Jean Martinez - En tant que simple citoyen ne l'ayant jamais connu personnellement, c'est avec une tristesse infinie que j'ai appris le décès du cinéaste et écrivain Pierre Falardeau. Il ne fait aucun doute que son esprit et son engagement nous manqueront. Car sur le fond de sa pensée politique, il m'apparaît évident que Monsieur Falardeau avait raison. Pour lui, le Québec, malgré le passage du temps, est resté prisonnier d'une structure politique néo-coloniale qui, plus subtilement, mais aussi, par conséquent, plus efficacement, maintient le peuple québécois sous la domination objective du peuple conquérant. Même si, aujourd'hui, le statut provincial du Québec lui donne l'illusion tranquille d'une quasi-souveraineté, il n'en reste pas moins fortement dépendant des valeurs et des décisions d'un État fédéral où il est et restera minoritaire.
Comment, en effet, une nation peut-elle déployer maximalement son identité et ses potentialités lorsqu'elle ne choisit pas celui qui la dirige (Stephen Harper, en ce moment)? Lorsqu'elle paie la moitié de ses taxes et impôts à ce gouvernement élu par d'autres? Lorsqu'elle ne nomme pas ses juges? Ou lorsqu'elle ne contrôle ni son armée, ni ses relations extérieures? Évidemment, ce système ne se maintiendrait pas facilement si, un jour, les Québécois francophones, surtout les fédéralistes qui se disent « nationalistes », refusaient, pour une fois, de culpabiliser, le « séparatisme » québécois et, dans un élan de rare solidarité, mettaient le ROC en demeure de respecter ses (trop) nombreuses promesses non tenues. Cette désolidarisation explique en grande partie l'affaiblissement du pouvoir de négociation du Québec face au ROC.
Le néo-colonialisme, c'est aussi cela : voir une partie de la population conquise, au nom d'un certain confort et de certains privilèges, collaborer avec l'État conquérant pour l'aider à préserver sa domination. Ici encore, Monsieur Falardeau voyait juste. Le discours dominant, celui des médias de masse participant bien souvent de cette entreprise néo-coloniale, contribue à véhiculer ces valeurs d'endormissement qui tournent invariablement autour des mêmes thèmes : la richesse économique et le confort matériel.
Tous reconnaissent qu'il vaut mieux être riche que pauvre, mais qui, après Pierre Falardeau, pourra librement s'efforcer de faire comprendre qu'être libre et digne, c'est aussi vivre dans le respect de sa propre identité?
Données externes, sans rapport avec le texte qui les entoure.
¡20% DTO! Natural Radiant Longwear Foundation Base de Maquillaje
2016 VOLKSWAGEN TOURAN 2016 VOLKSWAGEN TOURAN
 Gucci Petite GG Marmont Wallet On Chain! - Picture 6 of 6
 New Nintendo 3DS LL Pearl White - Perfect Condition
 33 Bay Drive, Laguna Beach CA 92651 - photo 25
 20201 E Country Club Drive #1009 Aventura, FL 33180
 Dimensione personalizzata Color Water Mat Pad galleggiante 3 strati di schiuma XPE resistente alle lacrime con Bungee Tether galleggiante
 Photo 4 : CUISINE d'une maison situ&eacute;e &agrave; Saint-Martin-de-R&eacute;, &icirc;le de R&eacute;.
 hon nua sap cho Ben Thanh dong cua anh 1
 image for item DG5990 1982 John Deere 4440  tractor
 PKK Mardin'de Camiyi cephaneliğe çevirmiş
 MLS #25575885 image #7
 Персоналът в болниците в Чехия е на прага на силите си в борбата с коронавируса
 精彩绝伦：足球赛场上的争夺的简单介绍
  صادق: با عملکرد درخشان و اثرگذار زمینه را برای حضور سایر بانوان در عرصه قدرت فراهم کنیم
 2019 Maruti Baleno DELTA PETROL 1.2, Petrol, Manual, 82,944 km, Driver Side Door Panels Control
À ceux, finalement, qui affirmeront platement que Monsieur Falardeau se rendait trop souvent coupable de vulgarité et d'attaques ad hominem, je veux simplement dire ceci : les cibles de Pierre Falardeau n'étaient jamais les faibles et les démunis. Contre les puissances économiques, politiques et judiciaires qui, encore de nos jours, sont majoritairement du côté du statu quo, et peuvent, elles, se permettre de commettre leurs abus tranquillement tapies dans l'ombre, Monsieur Falardeau, lui, n'avait pour seules armes, que sa langue, son crayon et sa caméra. Ceux qui ont la légèreté de le condamner devraient profiter de sa mort pour faire un examen de conscience et se demander où serait le Québec s'il avait été uniquement dirigé par la longue suite de démissionnaires tranquilles qui ont été et sont encore les complices d'une grande et continuelle injustice : le refus d'accorder à notre nation le même statut politique que celui de la nation canadienne.